ちなみに3歳から70歳までの、今もある程度ゲームをプレイしているユーザーは日本人全体の40%であるというデータが出ており、その数は実に4500万人にも上るとの事だった。
また、世界的に見ればゲームの市場規模が数十兆円まで増加しており、国内だけで見ても直近では1.8兆円にもなっていると早川会長は語った。
これは早川氏が言っていた、「ゲーム産業は成長し続ける拡大市場であると同時に、歴史のある成熟市場である」という言葉の通り、時代が進めば進むほどPCゲームやソーシャルゲーム、そしてeスポーツといった様々な媒体のゲームがユーザーの身近に増えていったことが要因だろう。

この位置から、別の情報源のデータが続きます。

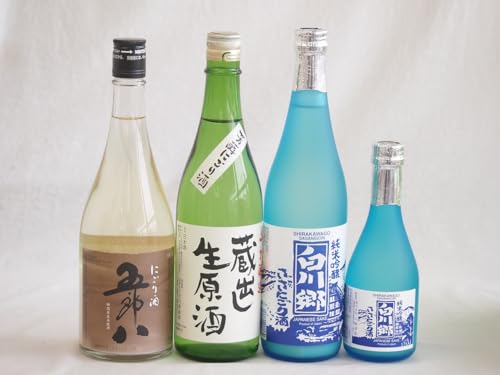 ɂܘYݔ4{Zbg(싽ċ܂₩Ȑh() ܘY(V) V{ o(Od)) 720ml×3{ 300ml×1{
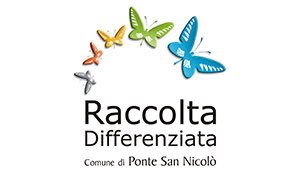2002-pontesannicolo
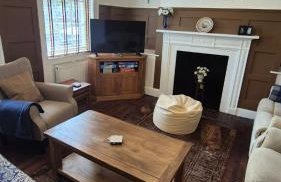 Beautiful 5BR Georgian house - Foto 6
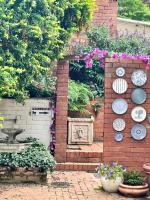 Edgehill - B&B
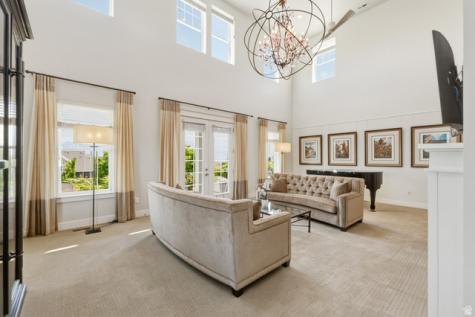 10542 S Vermillion Drive W South Jordan UT 84009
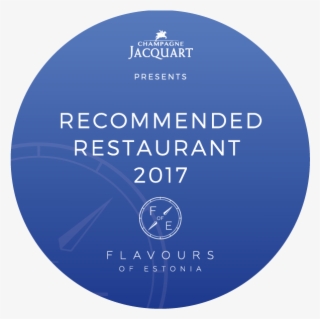 Jaapani Restoran Haku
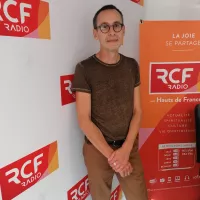 © RCF Hauts de France - Hervé Dorval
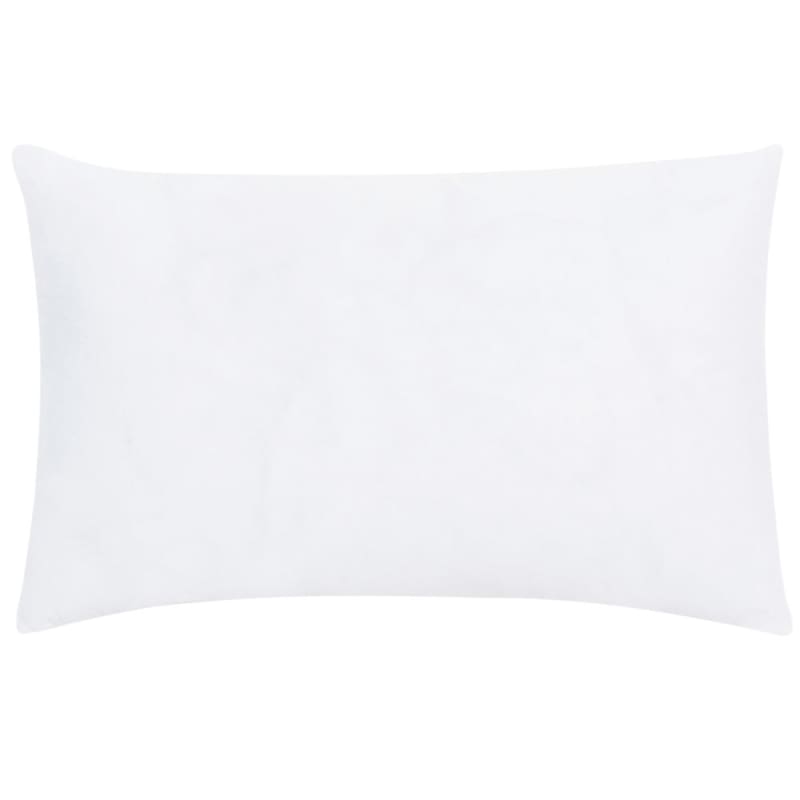 Coussin de garnissage en polyester recyclé 50x30 - miniature 3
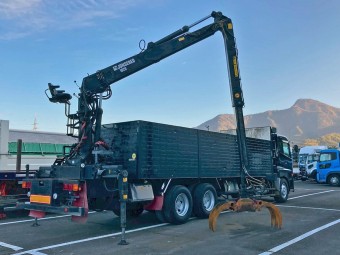 サムネイル 4枚目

また、早川会長はeスポーツについては「日本におけるeスポーツの認知度は高まっているが、日本のゲームの人口を考えればまだまだ伸びる」と語った。
実際、世界ではeスポーツの視聴者は3600万人おり、日本の382万人という数字は4500万人ものゲームプレイヤーがいる事を考えればまだまだ少ない。
eスポーツに対する認知度も、一年で14.4%→41.1%と大きく伸びてはいるが、同じスポーツ競技であるサッカーや野球と比べると低いのが現実だ。
先日の一件(参考記事)からやや雲行きが怪しくなったオリンピック競技への追加を目標とするのであれば、その辺りは今後のeスポーツにおける一つの課題となるだろう。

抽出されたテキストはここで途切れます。